What are the differences between (supposed true all hypotheses),
$$\int_{[a,b]}f(x)\text{d}x \quad\text{and} \quad\int_{a}^{b}f(x)\text{d}x\,\,?$$
This is an old topic of mathematical analysis of 23 years ago when I was a university student. When you give the definition of integral it always assumes $f$ continuous.
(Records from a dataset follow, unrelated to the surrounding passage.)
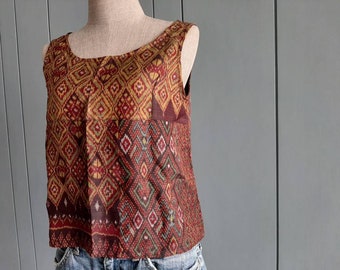 May include: A sleeveless top featuring a multi-panel design with a repeating diamond pattern in shades of deep red, mustard yellow, and dark brown. The garment has a wide scoop neckline and is worn over blue denim jeans on a mannequin torso.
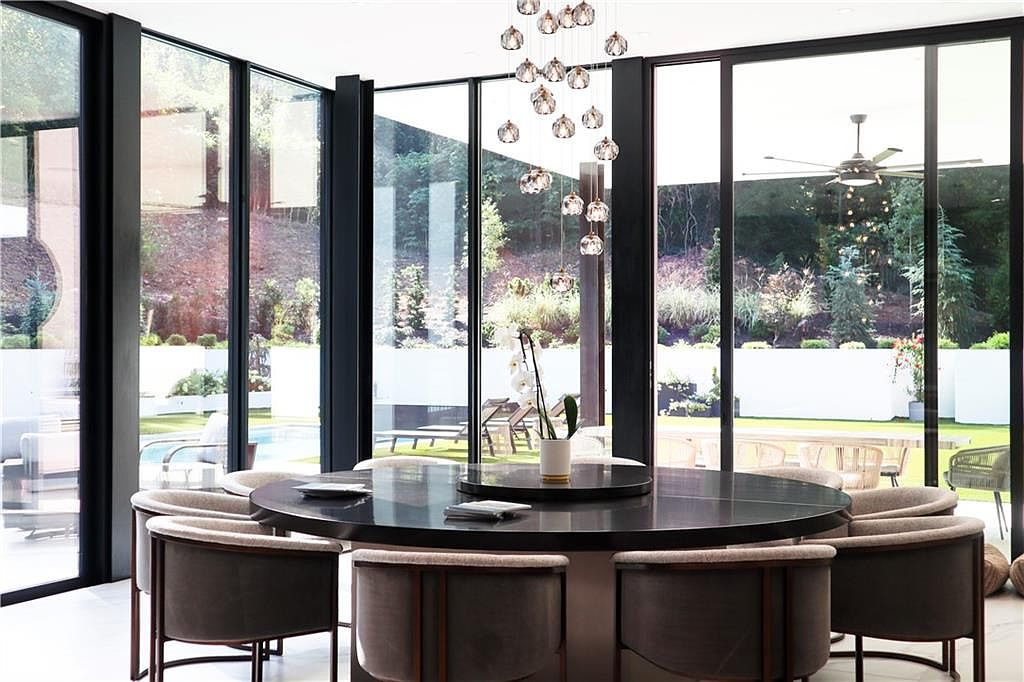 This sophisticated dining room features a large, circular dark-toned table surrounded by modern, upholstered chairs with dark frames. The space is defined by expansive floor-to-ceiling windows that provide a seamless connection to the outdoor pool and garden area. A striking, multi-tiered crystal pendant light fixture hangs above the table, serving as a focal point in this bright, contemporary interior.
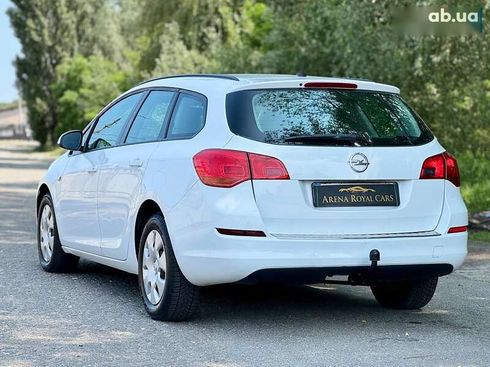 Opel Astra 2011 - фото 9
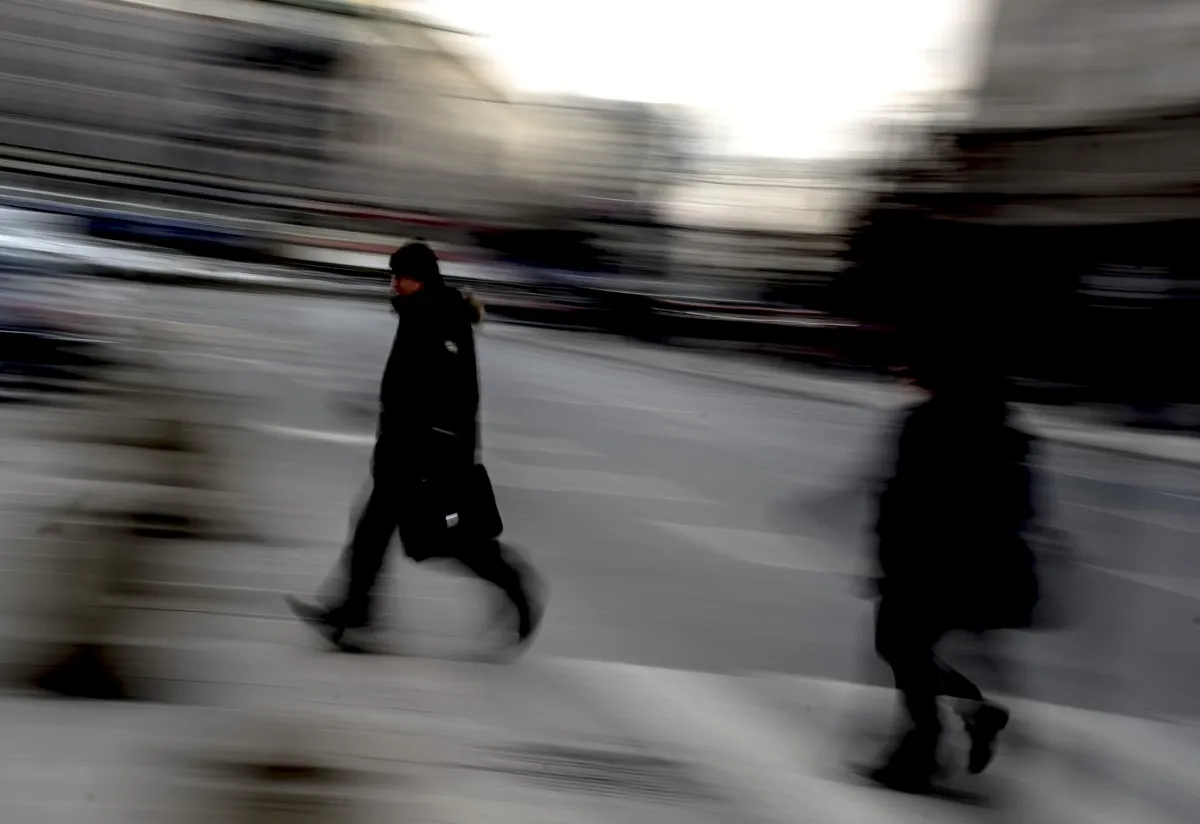Two black-clad pedestrians passing each other in motion blur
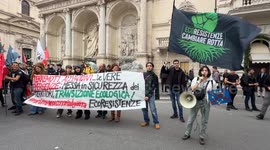 Protesters hold up a banner reading 'Earthquakes and floods... the real emergencies are securing the territories and ecological transition! eco-resistance' during the demonstration to say no to rearmament called by left wing movements in Rome.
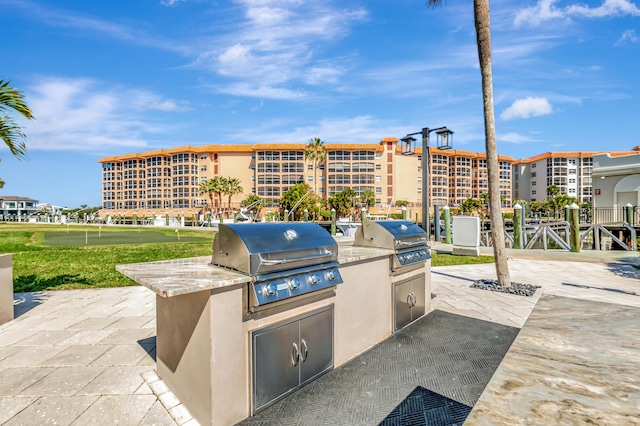 2871 N Ocean Blvd Unit C103, Boca Raton, FL 33431 - view of patio featuring area for grilling and an area to practice putting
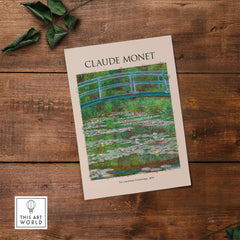 Monet Japanese Footbridge Water Lilies Giverny Garden Poster Art Print displayed on wooden surface with water lilies.
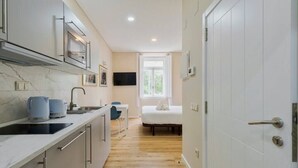 A compact hotel room with a kitchenette, a bed, and a large window.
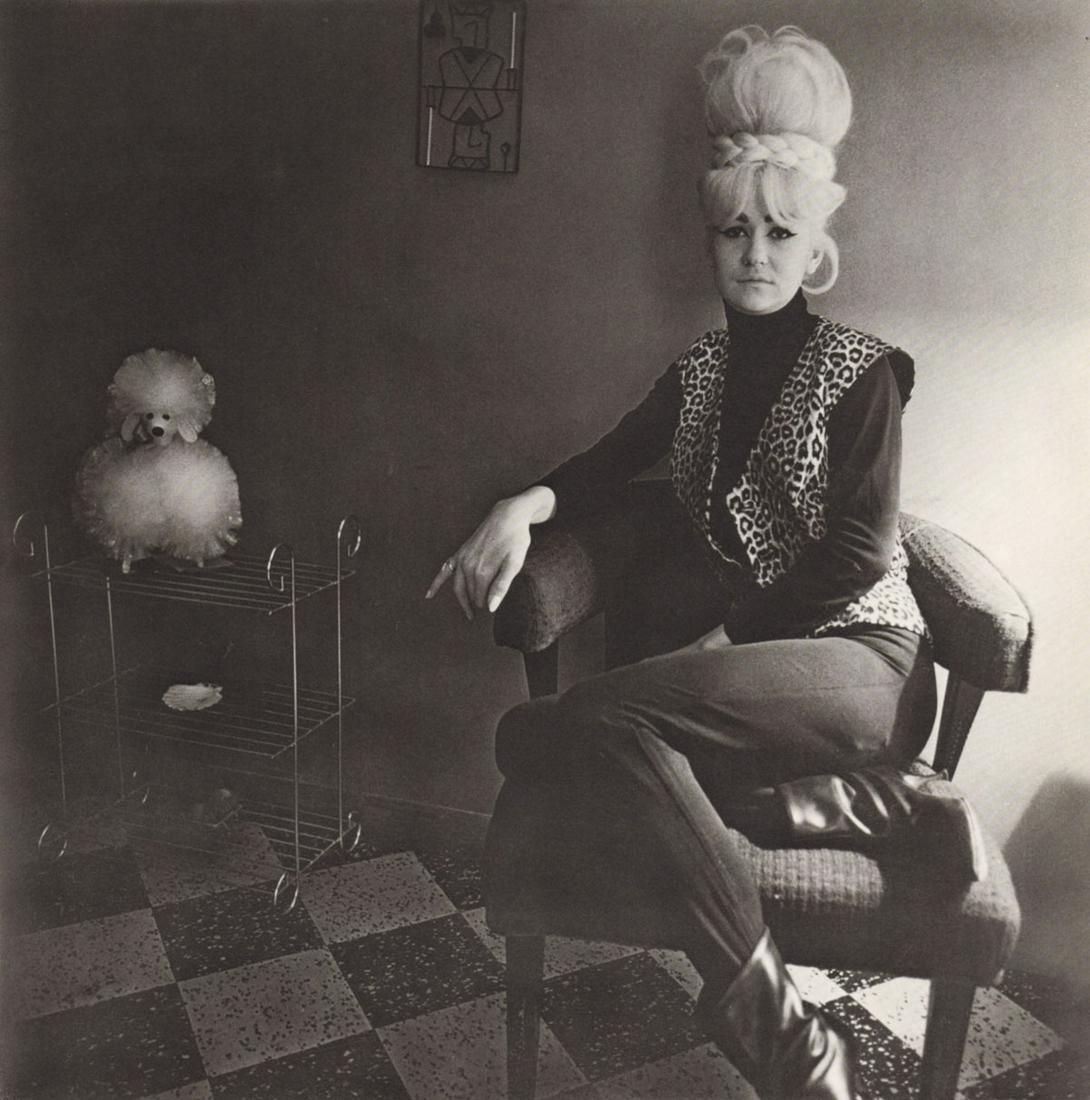 DIANE ARBUS - Lady Bartender at home with souvenir Dog, New Orleans, 1964: Artist: DIANE ARBUS Print Title: Lady Bartender at home with souvenir Dog, New Orleans, 1964 Medium: Authentic Vintage Photoengraving Printed 1970’s in the USA Image size (inches) approx. 8 x 8&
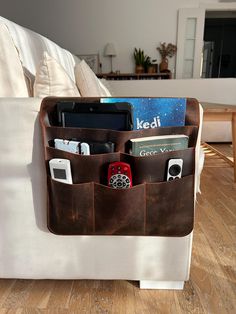 a white couch with some books and electronics in its pocket on it's back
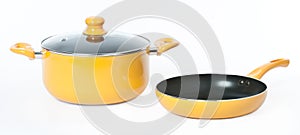 A yellow pot and pan on seamless white background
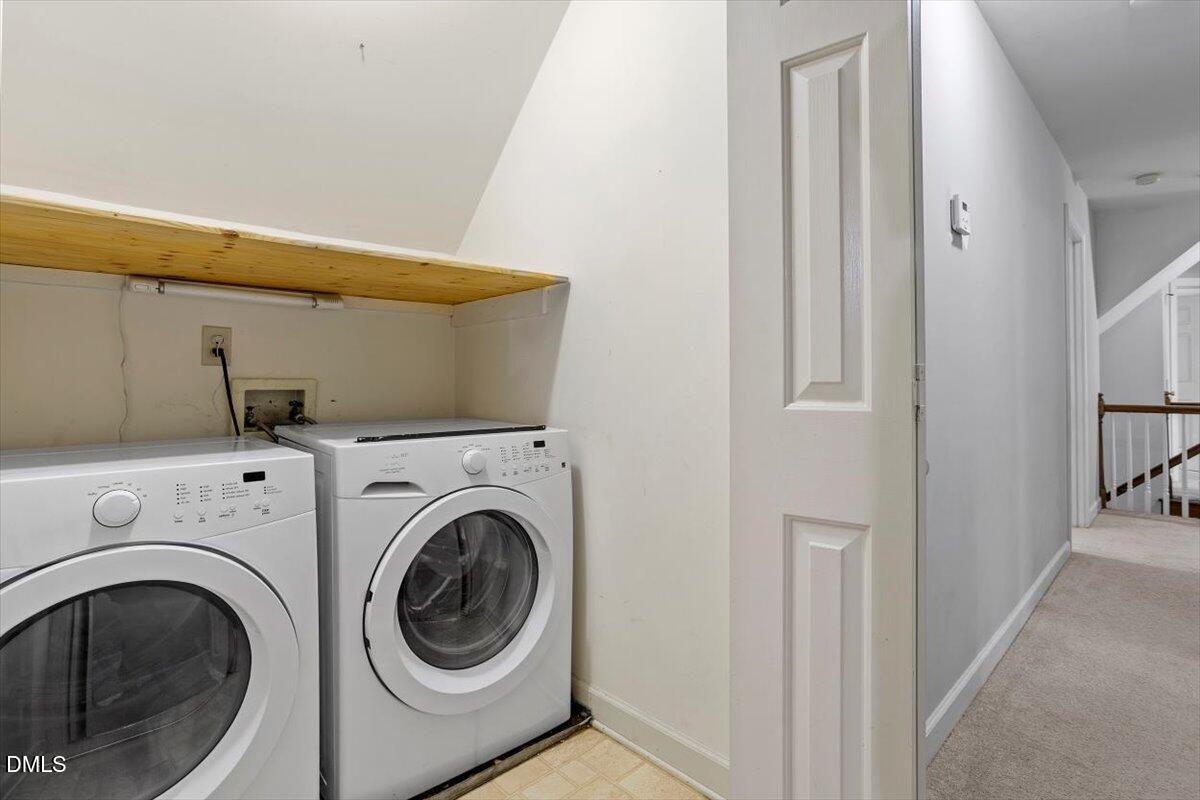 309 Appaloosa Trail Bahama, NC 27503 - Photo 27 of 45 a utility room with dryer and washer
What sense does it make to define the symbol of the extended integral
$$\int_{[a,b]}f(x)\text{d}x$$ if you do not need it?
On
If we are talking about Riemann integral here, for an arbitrary subset $A \subset [a,b]$ $$\int_A f dx = \int_a^b f \chi_A dx$$ where $\chi_A : [a,b] \to \{0,1\}$ is characteristic function of set $A$ given by $$\chi_A(x) = \begin{cases} 1, & x \in A \\ 0, & x \notin A \end{cases}$$ provided that function $f \chi_A$ is Riemann integrable on $[a,b]$. With that in mind, for every function $f$ that is Riemann integrable on $[a,b]$ $$\int_{[a,b]} f dx = \int_{(a,b]} f dx = \int_{[a,b)} f dx = \int_{(a,b)} f dx = \int_a^b f dx$$ since value of Riemann integral does not depend on the value of function in any finite number of points.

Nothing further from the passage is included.